Big models trained on unlabeled large-scale data in self-supervised way are referred to as Pretrained Foundational Models (PFM). These models are trained to learn general features and patterns from broad datasets, making them suitable for various downstream tasks after fine-tuning. On said downstream tasks, we can use pretrained foundational models as a backbone and fine-tune it on small-scale, task-specific data.
Pre-training a model equips it with a foundational understanding of the data and world by exposing it to a vast amount of data, often unlabeled. Fine-tuning is the process of tailoring the pre-trained model's knowledge and abilities to a specific task or domain — with the use of smaller, relevantly labeled datasets.

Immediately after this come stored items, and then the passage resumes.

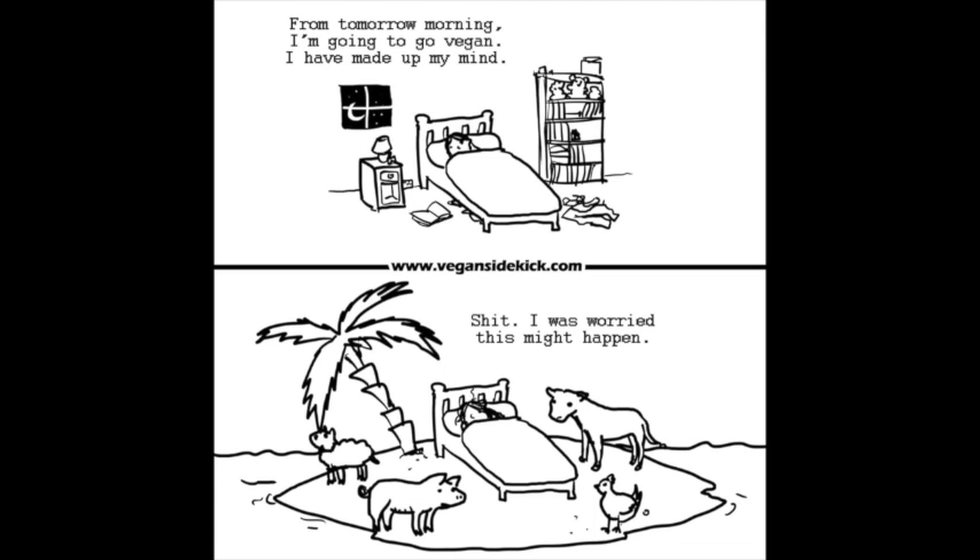Have a good idea of rebuttals you can use for people who question you — the typical 'what if you were stuck on an island and the only thing to eat was a pig, would you eat it?' or 'where do you get your protein, calcium, iron, B12?' Make sure you know what to say to those questions, because I promise you there are answers in the internet, in books, and in documentaries. As long as you know that, it'll be harder for them to break your pillars of veganism.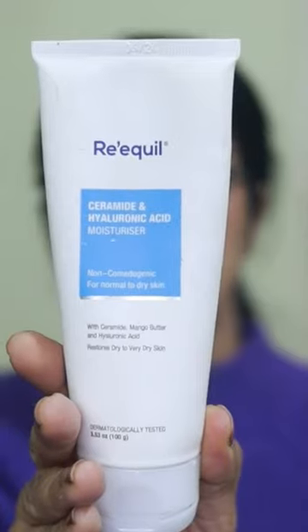We are doing a viral makeup look. We are applying hyaluronic acid serum and moisturizer. We are using ceramides and hyaluronic acid serum in the moisturizer.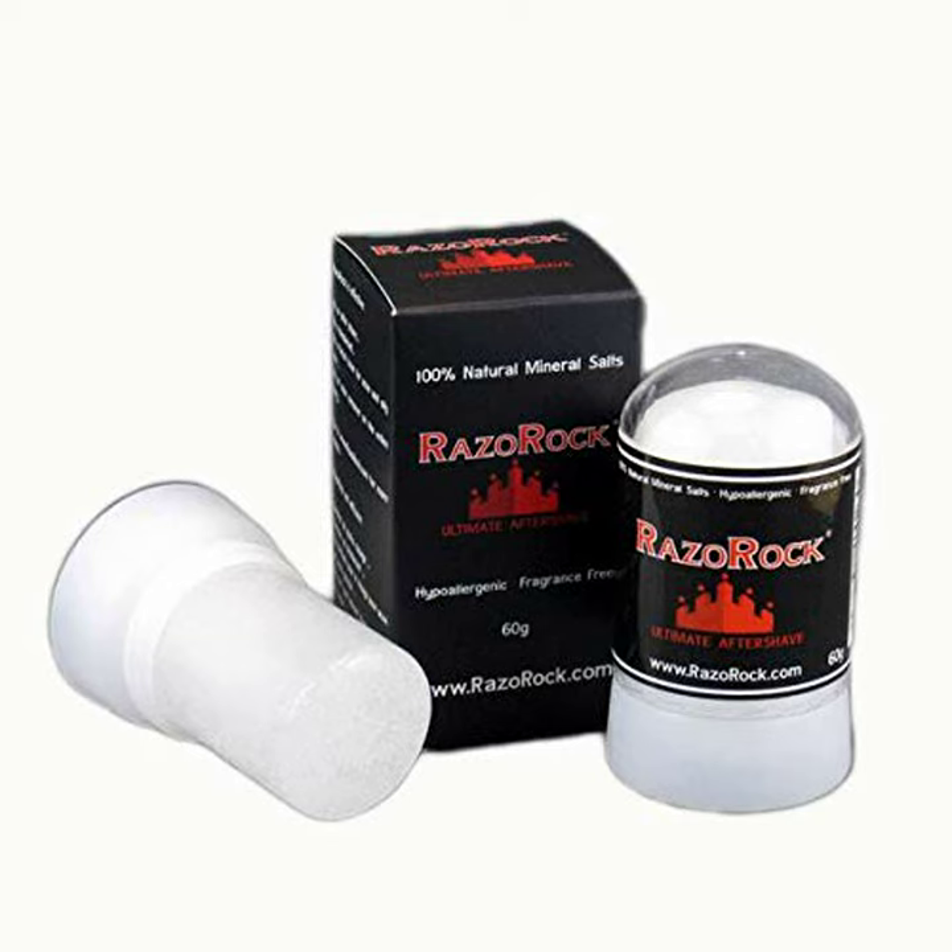To use your Razorock on cuts or nicks, wet the alum block and hold it on the cut for 30–40 seconds. Since Razorock is bactericidal, it can also be used as a deodorant.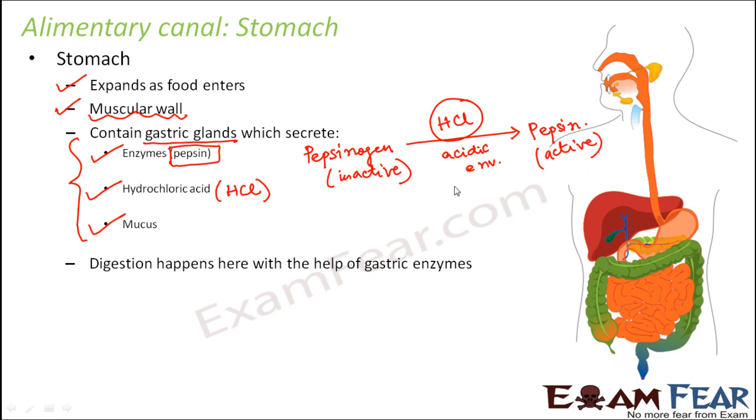Pepsin helps to convert the complex proteins present inside our food into simpler or less complex proteins — maybe proteases or peptones. So they are less complex. This happens in the presence of enzyme pepsin, and that is the role of pepsin and hydrochloric acid.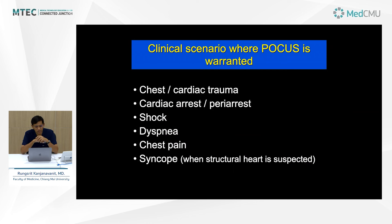POCUS is used when patients come in with chest or cardiac trauma — either blunt chest or penetrating injury — especially in patients with cardiac arrest or peri-arrest. You might need to distinguish between the 5H and 5T etiologies of cardiac arrest, and distinguish pseudo-PEA from true PEA, which I'll elaborate on later. It's especially important in patients with shock and hemodynamic instability, and in patients presenting with dyspnea, chest pain, and syncope where cardiac structural disease is suspected.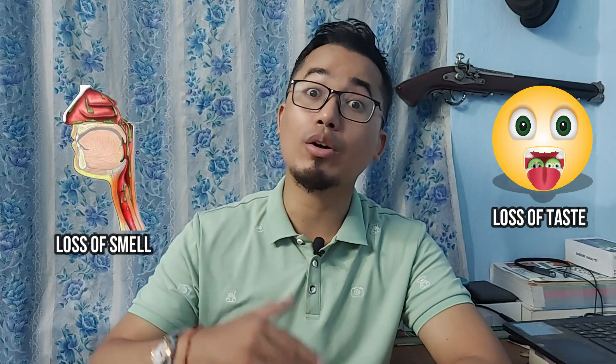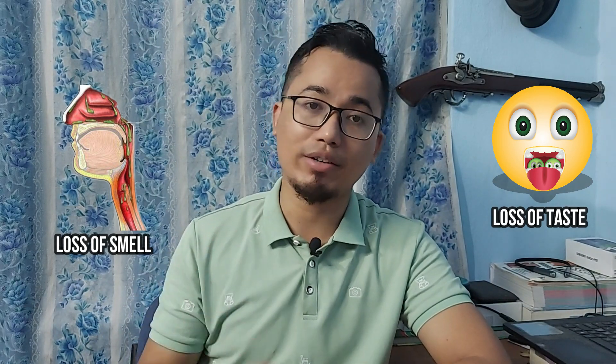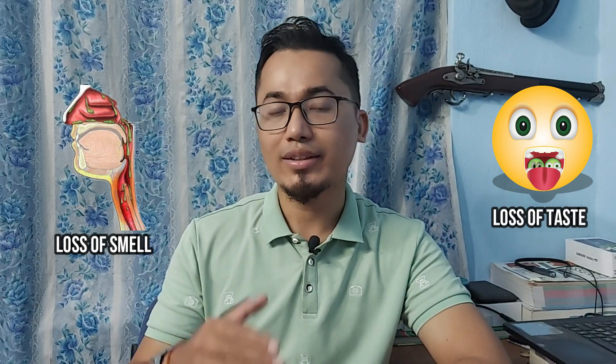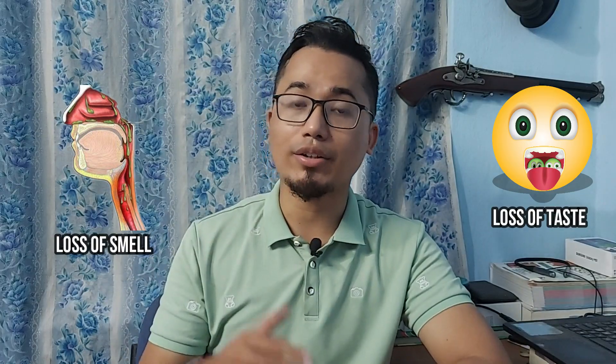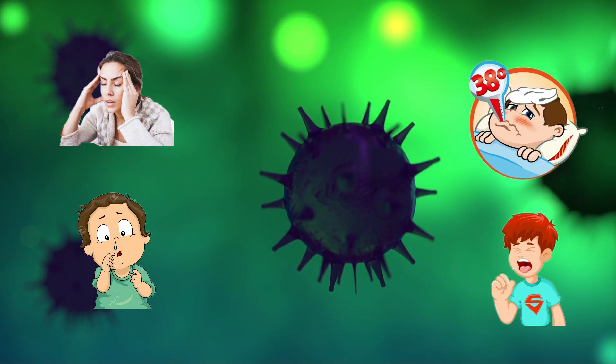Symptoms like loss of smell and loss of taste, which were more common in the original variant of the coronavirus, are less common with the Delta variant. The symptoms that are more predominant are headache, runny nose, fever, cough, and shortness of breath.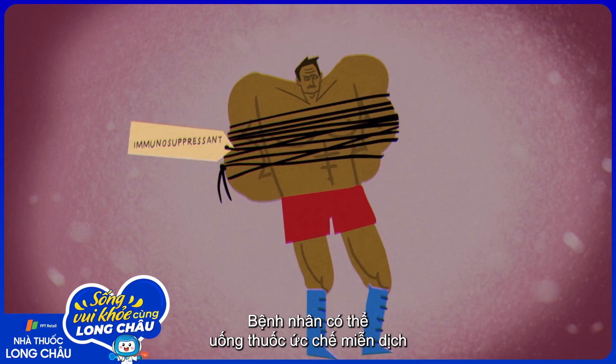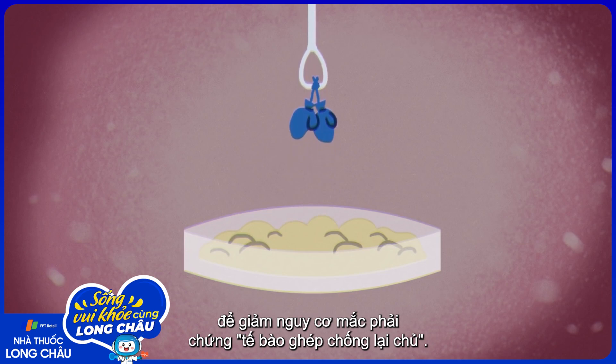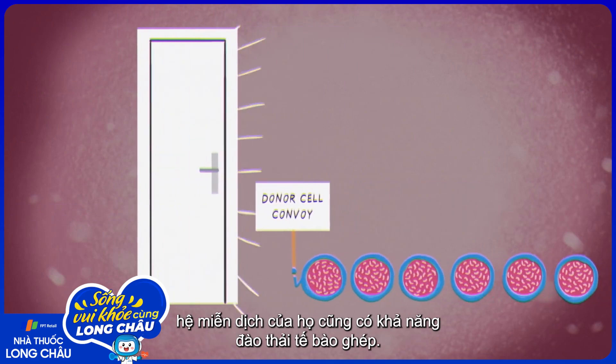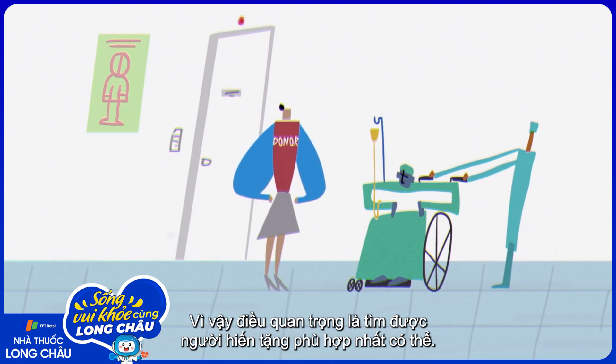Patients may take immunosuppressant medications, or certain immune cells may be removed from the donated sample in order to reduce the risk of graft-versus-host disease. But even if a patient avoids graft-versus-host disease, their immune system may reject the donor cells. So it's crucial to find the best match possible in the first place.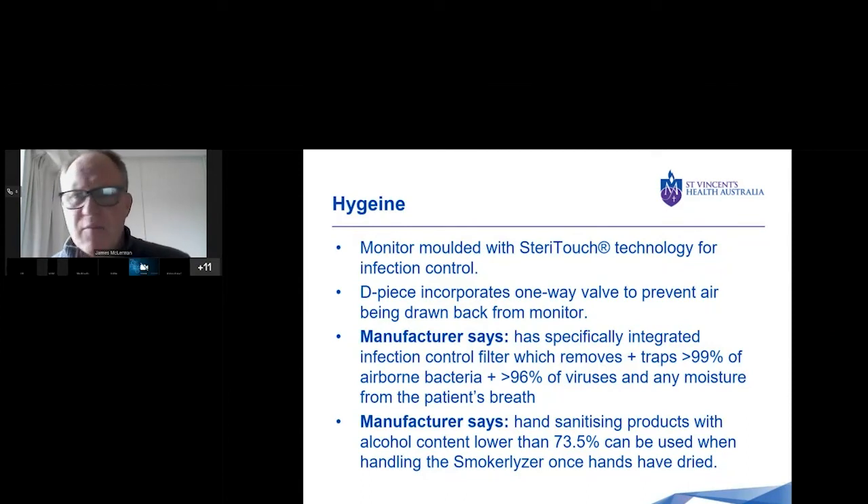In terms of hygiene, the monitor itself is molded with a product called SteriTouch, which is an anti-microbial technology for infection control. The manufacturer says it removes or traps 99% of airborne bacteria. The filter in the D piece traps viruses and moisture from the patient's breath. The D piece contains a one-way valve to prevent air being drawn back into the monitor. In terms of hand sanitizing products, if you're using alcohol hand sanitization, the content should be lower than 73.5%. Once your hands are dried, then you can use the monitor — alcohol really messes up the readings of this device.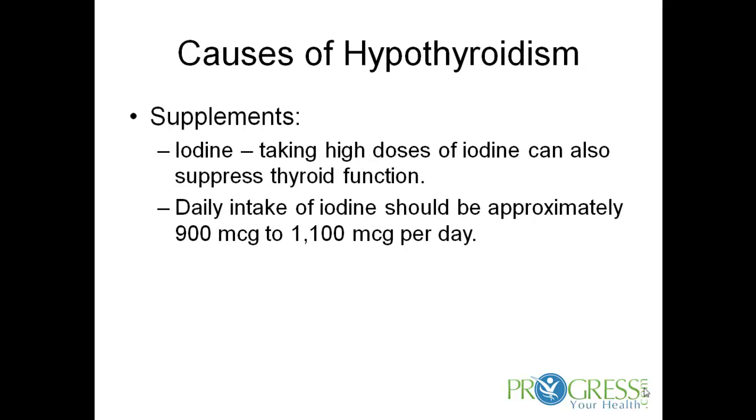Supplements can actually cause hypothyroidism. People taking too much iodine — iodine can actually suppress your thyroid function. A lot of patients think that taking iodine is good for their thyroid, when actually too much iodine can suppress your thyroid and cause hypothyroidism. A daily intake of iodine should be approximately 900 to 1100 micrograms per day.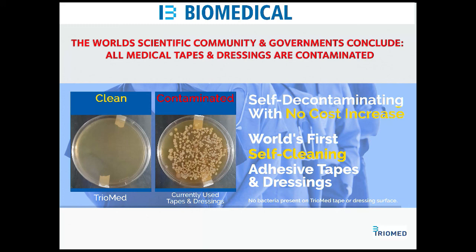All commonly used medical tapes and dressings, either at home or the hospital, are contaminated by bacteria, fungi, and viruses within minutes of use. That's the final and undeniable conclusion by scientists from around the world and recognized by government.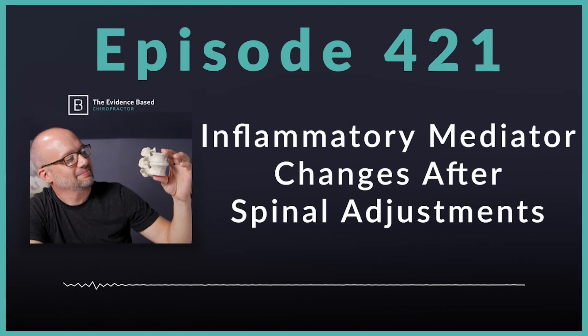Hello and welcome to the Evidence-Based Chiropractor. I am your host, Dr. Jeff Langmaid, and on today's episode, we have a fantastic piece of research that we're going to highlight. I will drop a link to it down in the show notes. It is titled Effects of Spinal Manipulative Therapy on Inflammatory Mediators in Patients with Nonspecific Low Back Pain. This was published in chiropractic and manual therapies just a couple of years back.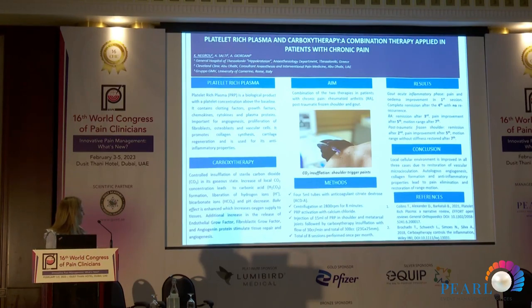Additionally, we have an increase in the release of endothelial growth factor, fibroblast growth factor, and angiogenic activity. Because of these three stimuli, the tissue is stimulated and angiogenesis is promoted, speeding up the process of new vessel formation.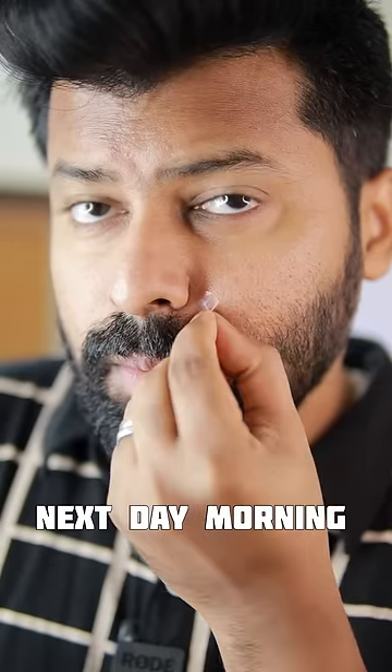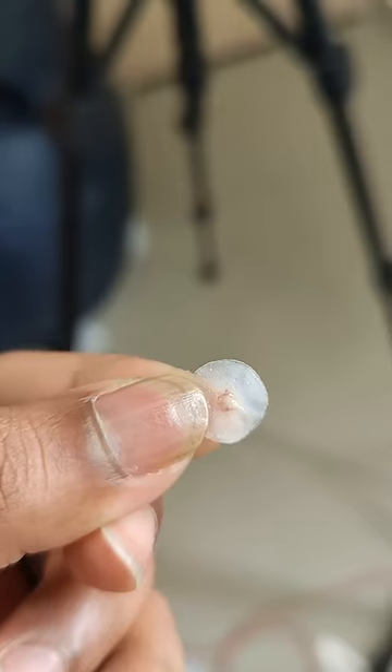You will see the patch draws out external bacteria from your pimples. Your pimples that are damaged by a scar or inflammation — you will see it works on all types of pimples.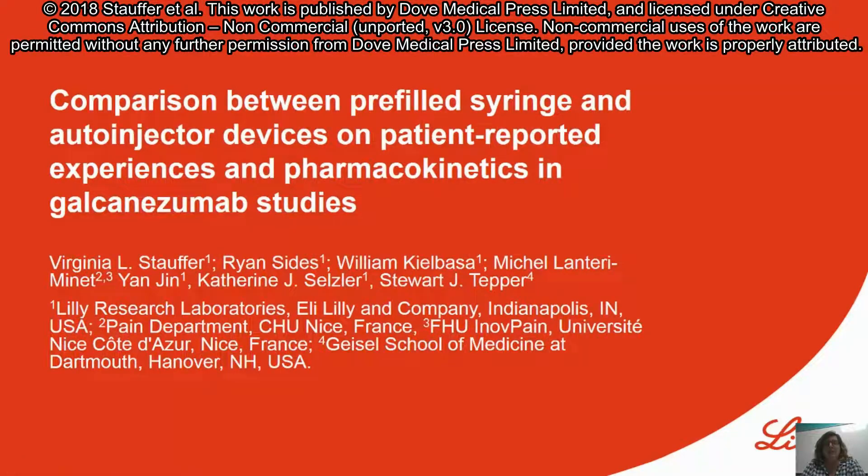Hello, my name is Virginia Stauffer, and I will be giving you a high-level overview of two studies that we conducted with galcanezumab, one in patients and one in healthy volunteers.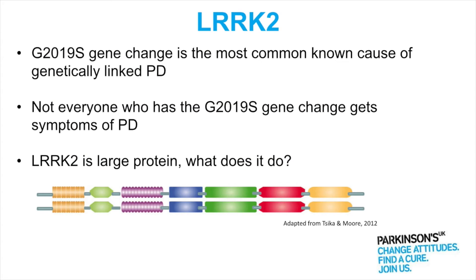I also said I'd talk about a different gene, LARC2. LARC2 is the most common known genetic cause of Parkinson's, and it causes not early onset disease but late onset disease that is more similar to the sporadic disease that most patients get. And importantly not everyone that has mutations in LARC2 actually gets Parkinson's.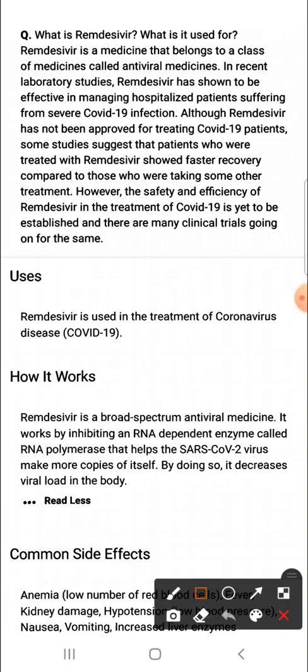Uses of Remdesivir. Remdesivir is used in the treatment of coronavirus disease, that is COVID-19.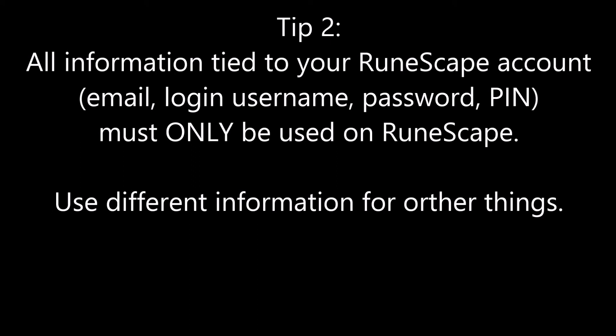Tip number two ties off some of the things I was talking about with setting up your email. Make sure all of the information you use for RuneScape — your login, password, PIN, everything — is completely unique. It cannot relate to any other information you have, whether that be other logins, other emails, other usernames, or similar passwords. If you need to, just write down a whole bunch of random letters, numbers, different caps, and use that as your password. But make sure it's written down somewhere physical, not on your computer, because if you get a virus or keylogger, you're going to be screwed. Write it down as an actual hard copy on paper.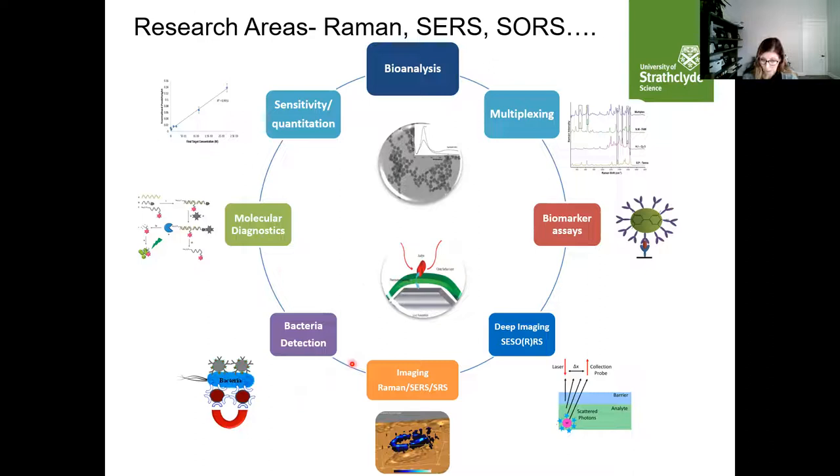We're doing quite a lot of work in bacteria detection — the detection of whole bacteria — which I'll talk about today. We also use imaging approaches where we can image across a cell to get cellular information using Raman itself, as well as nanoparticle-based approaches using surface-enhanced Raman and stimulated Raman spectroscopy. I'm also extremely interested in detecting Raman signals at depth, potentially applying this to in vivo analysis where we can detect signals from below the surface without probing it. I'll talk mainly about these three aspects today.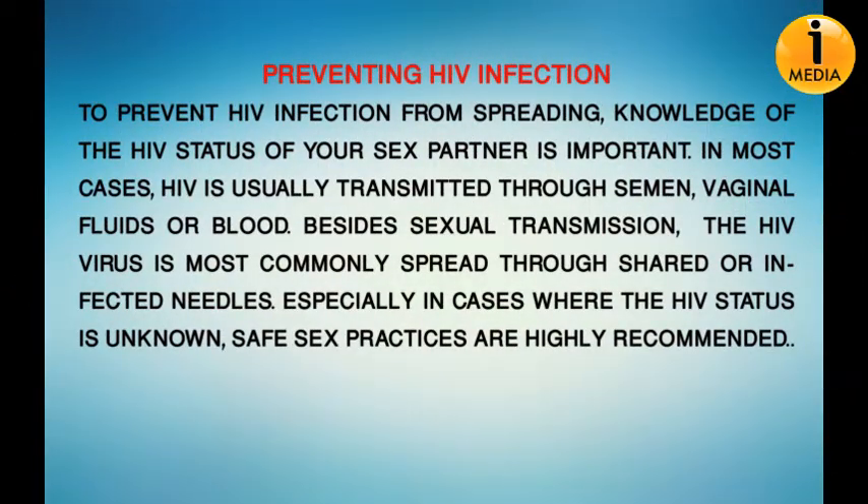To prevent HIV infection from spreading, knowledge of the HIV status of your partner is important. In most cases, HIV is usually transmitted through semen, vaginal fluids, or blood. Besides sexual transmission, the HIV virus is most commonly spread through shared or infected needles, especially in cases where the HIV status is unknown. Safe sex practices are highly recommended.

Imagine a chef learning fundamental skills in a big kitchen, chopping vegetables (basic knife skills) and cooking common dishes (pasta, rice, eggs). After the same chef moves on to work in a sushi restaurant, appropriate trained, they can now apply knife skills to cut fish and use heat control for perfect rice.
Example
Pretrained Foundation Models (PFMs) are regarded as the foundation for various downstream tasks. A PFM is trained on large-scale data which provides a reasonable parameter initialization for a wide range of downstream applications.
Paradigms
AI models, especially machine learning models, cannot directly interpret raw data such as text, images, or audio in their original form. Instead, they require input data to be converted into numerical representations — called features — that capture the relevant patterns or properties of the data.
An encoder is a module that takes input data (like a sentence or an image) and transforms it into a hidden representation (often a vector or a set of vectors). The idea is to capture the essential features or meaning of the input.
Imagine a secret writer (encoder) encrypting a detailed letter with a compact cipher, only the essential symbols, that hides the true content. The output is the code (encoded representation), which one can store or send on.
A decoder is a module that takes the encoded representation and produces some kind of output, such as another sentence, a label, or an image.
Continuing from the last analogy, imagine receiving the cipher (encoded message) from before with no context of what the original looked like. Using a code breaker (decoder), you follow cipher rules to decode and reconstruct the full letter. If done correctly, you get a recovered message (reconstructed data).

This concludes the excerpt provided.